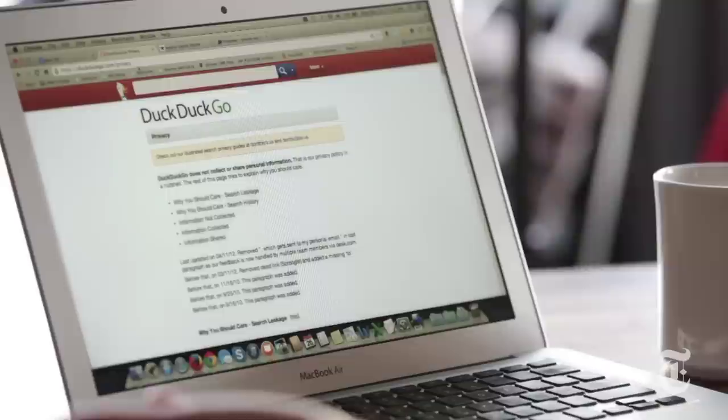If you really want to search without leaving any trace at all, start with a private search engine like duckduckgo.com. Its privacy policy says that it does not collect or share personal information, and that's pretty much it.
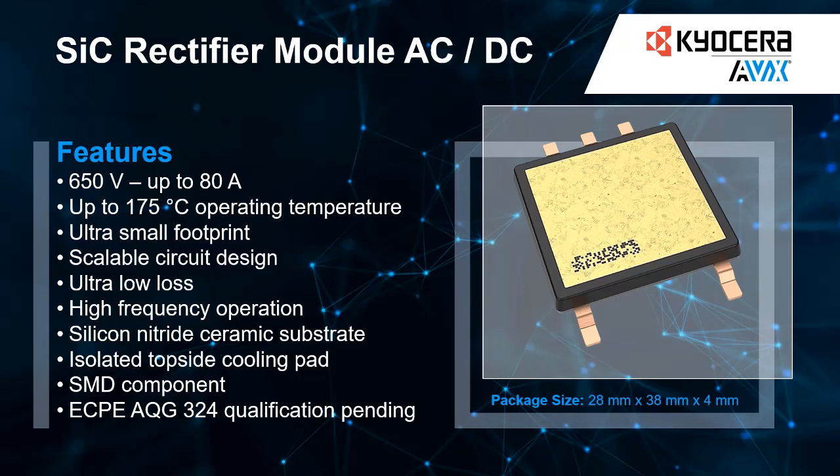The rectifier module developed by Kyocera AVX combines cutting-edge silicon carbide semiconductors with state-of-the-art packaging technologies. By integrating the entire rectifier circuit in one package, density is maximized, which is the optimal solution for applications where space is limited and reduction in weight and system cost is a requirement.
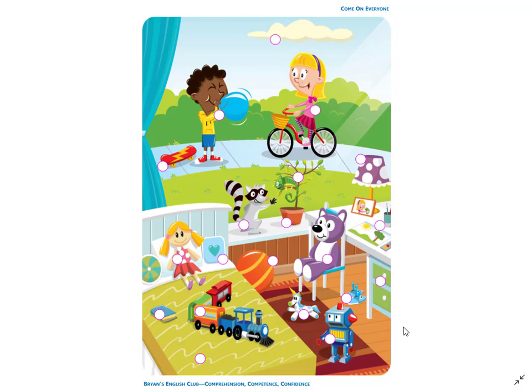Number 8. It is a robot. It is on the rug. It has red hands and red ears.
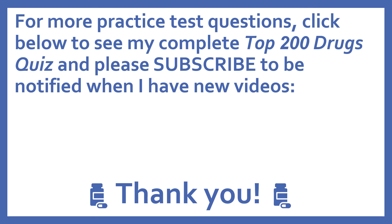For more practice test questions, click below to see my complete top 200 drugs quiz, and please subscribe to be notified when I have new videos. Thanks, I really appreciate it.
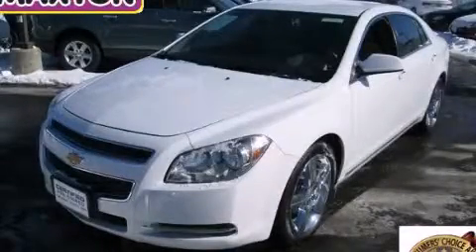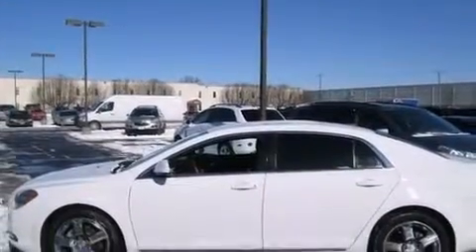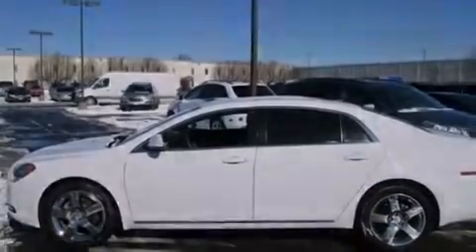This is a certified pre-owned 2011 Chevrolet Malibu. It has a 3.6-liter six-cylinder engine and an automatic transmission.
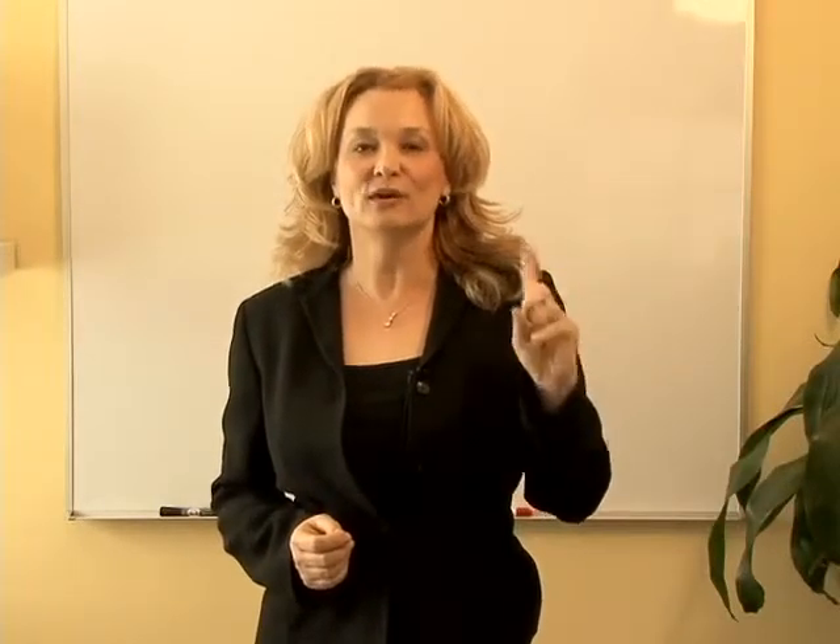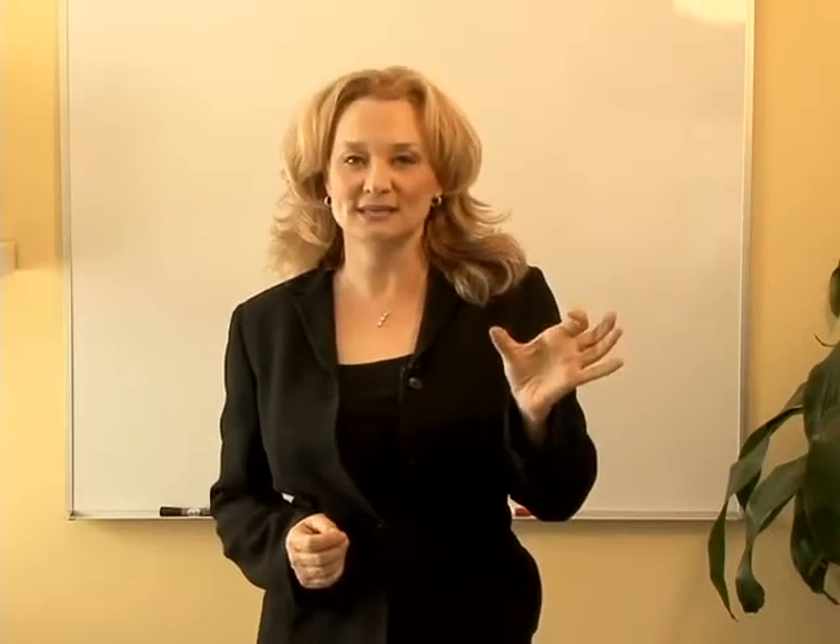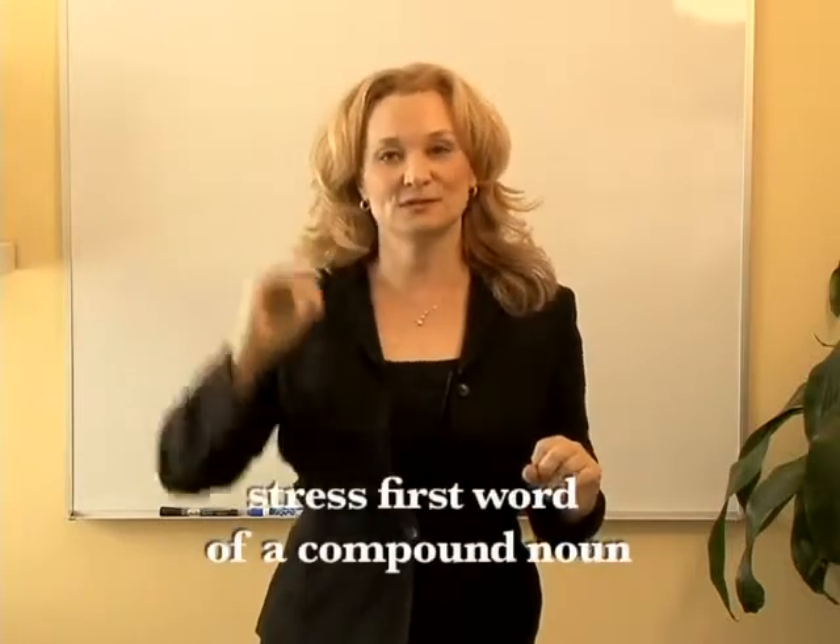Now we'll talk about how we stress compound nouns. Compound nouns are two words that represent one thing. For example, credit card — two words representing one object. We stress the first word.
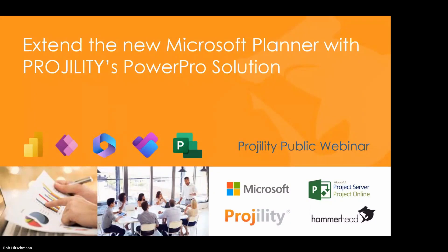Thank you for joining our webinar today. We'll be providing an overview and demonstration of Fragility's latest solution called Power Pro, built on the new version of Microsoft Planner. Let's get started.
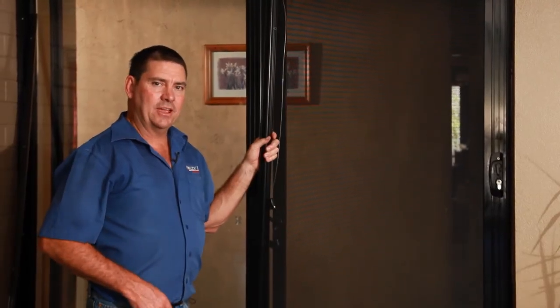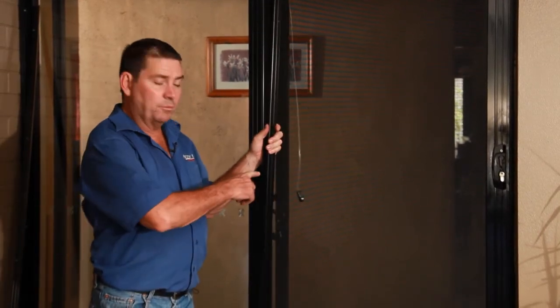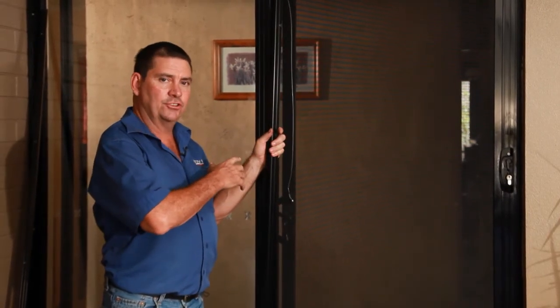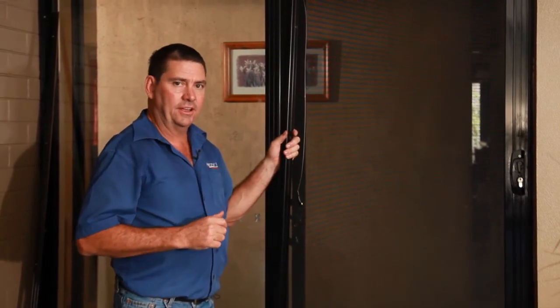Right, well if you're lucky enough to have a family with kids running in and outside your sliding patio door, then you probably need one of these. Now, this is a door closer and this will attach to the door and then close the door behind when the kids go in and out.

__ASSIGNED TASK__
Your reply should be the entries above, repeated exactly and free of pictures.

__SOLUTION__
If you really want to search without leaving any trace at all, start with a private search engine like duckduckgo.com. Its privacy policy says that it does not collect or share personal information, and that's pretty much it.
The rectifier module developed by Kyocera AVX combines cutting-edge silicon carbide semiconductors with state-of-the-art packaging technologies. By integrating the entire rectifier circuit in one package, density is maximized, which is the optimal solution for applications where space is limited and reduction in weight and system cost is a requirement.
Number 8. It is a robot. It is on the rug. It has red hands and red ears.
For more practice test questions, click below to see my complete top 200 drugs quiz, and please subscribe to be notified when I have new videos. Thanks, I really appreciate it.
This is a certified pre-owned 2011 Chevrolet Malibu. It has a 3.6-liter six-cylinder engine and an automatic transmission.
Now we'll talk about how we stress compound nouns. Compound nouns are two words that represent one thing. For example, credit card — two words representing one object. We stress the first word.
Thank you for joining our webinar today. We'll be providing an overview and demonstration of Fragility's latest solution called Power Pro, built on the new version of Microsoft Planner. Let's get started.
Right, well if you're lucky enough to have a family with kids running in and outside your sliding patio door, then you probably need one of these. Now, this is a door closer and this will attach to the door and then close the door behind when the kids go in and out.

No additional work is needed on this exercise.